Progr-Finanzchef Günther Ketterer konterte, dass der vorgesehene Unterhaltsbetrag in der Höhe von 220000 Franken ausreiche, da die Künstler Oberflächensanierungen meist selber ausführten und auch eine sukzessive Sanierung denkbar sei. Er beklagte, dass die Kalkulation der Liegenschaftsverwaltung «Angaben wie aus der Kalkulationsschulung» enthalte und auf das konkrete Kaufangebot der Künstler kaum eingehe. «Die Stadt glaubt uns einfach nicht, dass wir viel weniger Geld brauchen als ein Gesundheitszentrum», sagte Ketterer. Er räumte einzig ein, die Parkplatzersatzabgabe nicht einberechnet zu haben. «Wir hoffen, dass wir sie nicht zahlen müssen.»

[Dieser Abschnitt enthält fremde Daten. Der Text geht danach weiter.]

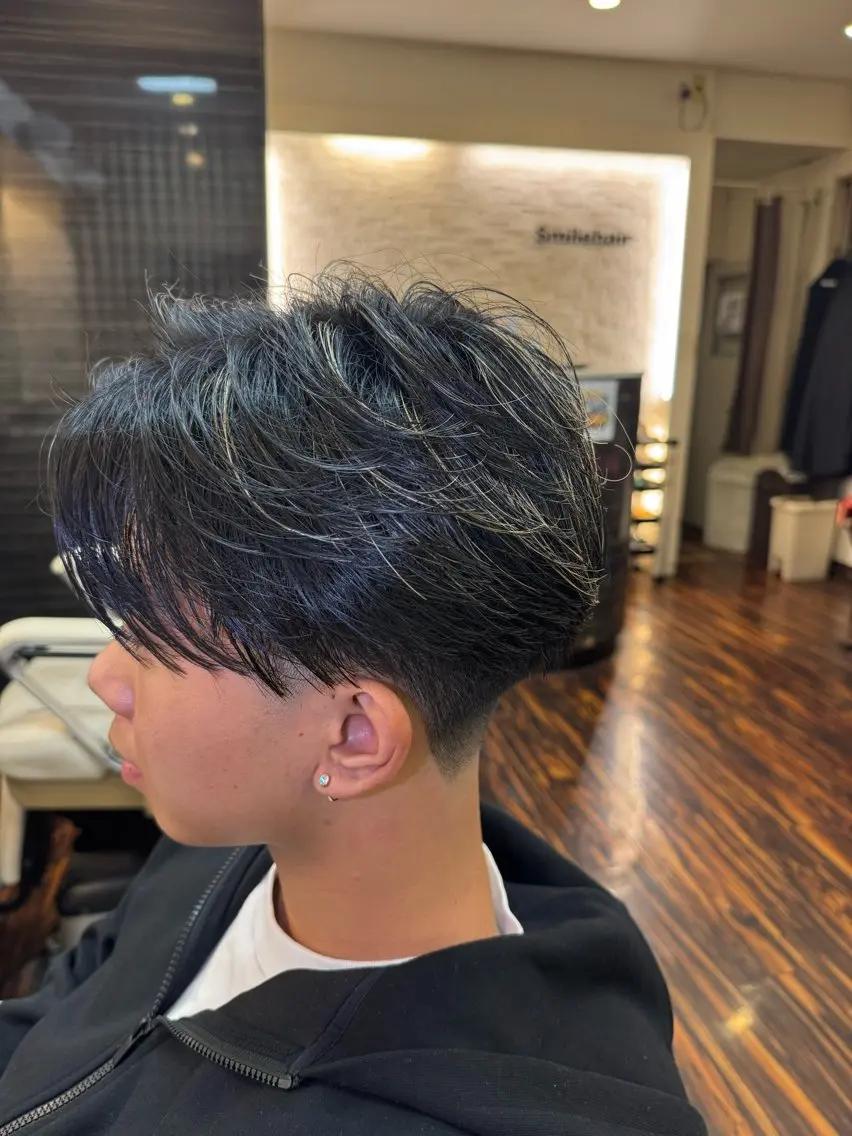 メンズ センターパート 門脇 大悟のヘアスタイル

Stadtratsbeschluss angezweifelt

Als Sprecher der Finanzkommission wird Bernasconi heute aber nicht nur infrage stellen, ob das Künstlerprojekt den Wettbewerbsbedingungen entspricht. Er bezweifelt zudem, ob sich der Stadtrat am 6. November tatsächlich dafür ausgesprochen hat, dass der Gemeinderat dem Stadtrat das Künstlerprojekt als Variante vorlegen soll. Im Stadtratsprotokoll ist dieser Beschluss zwar enthalten. «Es hat jedoch niemand einen Antrag zur Durchführung einer Variantenabstimmung gestellt.» Über die einzelnen Punkte des Stadtratsbeschlusses sei auch nicht einzeln abgestimmt worden. Bernasconi räumt ein, dass das betreffende Stadtratsprotokoll an einer späteren Sitzung wohl genehmigt worden ist. Solche «Ungereimtheiten» seien aber stossend.